== Records shown
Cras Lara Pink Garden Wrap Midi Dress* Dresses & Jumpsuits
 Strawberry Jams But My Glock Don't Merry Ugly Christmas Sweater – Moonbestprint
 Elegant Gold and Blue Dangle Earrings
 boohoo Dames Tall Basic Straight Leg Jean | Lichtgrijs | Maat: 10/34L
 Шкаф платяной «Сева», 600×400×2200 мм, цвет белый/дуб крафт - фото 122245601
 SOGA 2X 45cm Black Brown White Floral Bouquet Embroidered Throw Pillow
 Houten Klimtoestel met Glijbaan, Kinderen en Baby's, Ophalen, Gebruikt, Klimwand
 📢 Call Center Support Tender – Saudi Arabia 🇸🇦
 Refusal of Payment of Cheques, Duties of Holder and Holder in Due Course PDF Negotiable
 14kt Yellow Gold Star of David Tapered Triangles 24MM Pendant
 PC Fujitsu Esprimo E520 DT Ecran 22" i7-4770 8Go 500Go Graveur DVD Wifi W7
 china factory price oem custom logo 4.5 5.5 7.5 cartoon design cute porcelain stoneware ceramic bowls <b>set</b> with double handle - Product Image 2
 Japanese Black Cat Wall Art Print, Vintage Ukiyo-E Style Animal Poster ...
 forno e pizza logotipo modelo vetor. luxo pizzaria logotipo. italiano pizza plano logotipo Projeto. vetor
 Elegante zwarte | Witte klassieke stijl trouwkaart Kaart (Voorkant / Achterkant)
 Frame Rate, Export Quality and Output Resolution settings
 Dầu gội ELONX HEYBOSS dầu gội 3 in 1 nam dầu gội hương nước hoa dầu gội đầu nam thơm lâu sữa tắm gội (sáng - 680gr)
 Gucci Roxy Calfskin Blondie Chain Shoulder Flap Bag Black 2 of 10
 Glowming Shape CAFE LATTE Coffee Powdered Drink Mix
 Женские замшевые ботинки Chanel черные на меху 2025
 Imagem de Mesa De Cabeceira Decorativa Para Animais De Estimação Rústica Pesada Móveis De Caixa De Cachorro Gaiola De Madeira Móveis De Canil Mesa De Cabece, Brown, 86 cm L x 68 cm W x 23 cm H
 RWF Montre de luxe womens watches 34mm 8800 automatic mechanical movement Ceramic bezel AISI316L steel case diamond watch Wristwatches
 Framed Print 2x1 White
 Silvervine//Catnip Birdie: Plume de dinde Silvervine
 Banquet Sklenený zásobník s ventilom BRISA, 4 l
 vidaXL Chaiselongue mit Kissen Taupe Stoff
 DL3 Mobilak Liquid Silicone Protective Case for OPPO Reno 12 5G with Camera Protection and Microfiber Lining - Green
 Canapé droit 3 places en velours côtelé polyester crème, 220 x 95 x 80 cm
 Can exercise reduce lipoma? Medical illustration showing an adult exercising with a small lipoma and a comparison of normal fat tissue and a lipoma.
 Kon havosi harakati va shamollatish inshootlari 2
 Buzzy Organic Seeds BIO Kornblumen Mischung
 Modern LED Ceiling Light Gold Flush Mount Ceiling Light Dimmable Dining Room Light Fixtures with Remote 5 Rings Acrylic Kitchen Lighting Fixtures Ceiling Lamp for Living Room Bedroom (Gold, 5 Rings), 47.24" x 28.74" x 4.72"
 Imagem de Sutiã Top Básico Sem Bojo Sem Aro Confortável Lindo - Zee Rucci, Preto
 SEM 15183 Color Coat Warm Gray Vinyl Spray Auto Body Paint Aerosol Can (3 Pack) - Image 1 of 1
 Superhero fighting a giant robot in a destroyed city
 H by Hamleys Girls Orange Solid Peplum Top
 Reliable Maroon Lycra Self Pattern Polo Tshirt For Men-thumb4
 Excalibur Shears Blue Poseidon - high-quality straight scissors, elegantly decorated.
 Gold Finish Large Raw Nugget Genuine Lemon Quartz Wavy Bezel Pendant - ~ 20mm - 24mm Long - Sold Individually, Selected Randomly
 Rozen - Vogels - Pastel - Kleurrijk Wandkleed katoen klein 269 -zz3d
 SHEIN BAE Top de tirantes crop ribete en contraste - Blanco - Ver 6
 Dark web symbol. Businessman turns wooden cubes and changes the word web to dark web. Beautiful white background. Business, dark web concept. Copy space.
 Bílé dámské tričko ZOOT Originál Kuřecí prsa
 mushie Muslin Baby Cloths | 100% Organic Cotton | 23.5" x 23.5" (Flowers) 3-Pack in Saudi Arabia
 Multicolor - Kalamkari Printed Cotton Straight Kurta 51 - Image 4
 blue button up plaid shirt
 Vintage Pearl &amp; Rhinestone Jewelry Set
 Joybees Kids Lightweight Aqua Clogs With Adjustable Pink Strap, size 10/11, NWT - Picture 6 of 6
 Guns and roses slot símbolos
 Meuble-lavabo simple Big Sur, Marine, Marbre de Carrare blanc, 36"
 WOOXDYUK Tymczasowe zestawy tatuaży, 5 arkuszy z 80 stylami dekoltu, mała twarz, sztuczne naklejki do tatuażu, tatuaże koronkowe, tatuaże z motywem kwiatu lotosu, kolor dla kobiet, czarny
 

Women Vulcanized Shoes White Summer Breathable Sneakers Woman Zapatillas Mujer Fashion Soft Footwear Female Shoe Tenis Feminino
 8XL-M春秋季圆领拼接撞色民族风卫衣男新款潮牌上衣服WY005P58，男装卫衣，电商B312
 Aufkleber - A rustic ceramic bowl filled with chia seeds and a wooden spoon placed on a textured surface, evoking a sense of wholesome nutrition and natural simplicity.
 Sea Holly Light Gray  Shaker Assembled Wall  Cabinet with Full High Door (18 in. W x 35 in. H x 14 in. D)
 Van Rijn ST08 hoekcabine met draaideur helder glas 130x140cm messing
====
## [Work item]
Please reproduce exactly the lines from the first one of the records above through the line containing "vidaXL Chaiselongue mit Kissen Taupe Stoff", both included, and nothing else.

## [Answer area]
Cras Lara Pink Garden Wrap Midi Dress* Dresses & Jumpsuits
 Strawberry Jams But My Glock Don't Merry Ugly Christmas Sweater – Moonbestprint
 Elegant Gold and Blue Dangle Earrings
 boohoo Dames Tall Basic Straight Leg Jean | Lichtgrijs | Maat: 10/34L
 Шкаф платяной «Сева», 600×400×2200 мм, цвет белый/дуб крафт - фото 122245601
 SOGA 2X 45cm Black Brown White Floral Bouquet Embroidered Throw Pillow
 Houten Klimtoestel met Glijbaan, Kinderen en Baby's, Ophalen, Gebruikt, Klimwand
 📢 Call Center Support Tender – Saudi Arabia 🇸🇦
 Refusal of Payment of Cheques, Duties of Holder and Holder in Due Course PDF Negotiable
 14kt Yellow Gold Star of David Tapered Triangles 24MM Pendant
 PC Fujitsu Esprimo E520 DT Ecran 22" i7-4770 8Go 500Go Graveur DVD Wifi W7
 china factory price oem custom logo 4.5 5.5 7.5 cartoon design cute porcelain stoneware ceramic bowls <b>set</b> with double handle - Product Image 2
 Japanese Black Cat Wall Art Print, Vintage Ukiyo-E Style Animal Poster ...
 forno e pizza logotipo modelo vetor. luxo pizzaria logotipo. italiano pizza plano logotipo Projeto. vetor
 Elegante zwarte | Witte klassieke stijl trouwkaart Kaart (Voorkant / Achterkant)
 Frame Rate, Export Quality and Output Resolution settings
 Dầu gội ELONX HEYBOSS dầu gội 3 in 1 nam dầu gội hương nước hoa dầu gội đầu nam thơm lâu sữa tắm gội (sáng - 680gr)
 Gucci Roxy Calfskin Blondie Chain Shoulder Flap Bag Black 2 of 10
 Glowming Shape CAFE LATTE Coffee Powdered Drink Mix
 Женские замшевые ботинки Chanel черные на меху 2025
 Imagem de Mesa De Cabeceira Decorativa Para Animais De Estimação Rústica Pesada Móveis De Caixa De Cachorro Gaiola De Madeira Móveis De Canil Mesa De Cabece, Brown, 86 cm L x 68 cm W x 23 cm H
 RWF Montre de luxe womens watches 34mm 8800 automatic mechanical movement Ceramic bezel AISI316L steel case diamond watch Wristwatches
 Framed Print 2x1 White
 Silvervine//Catnip Birdie: Plume de dinde Silvervine
 Banquet Sklenený zásobník s ventilom BRISA, 4 l
 vidaXL Chaiselongue mit Kissen Taupe Stoff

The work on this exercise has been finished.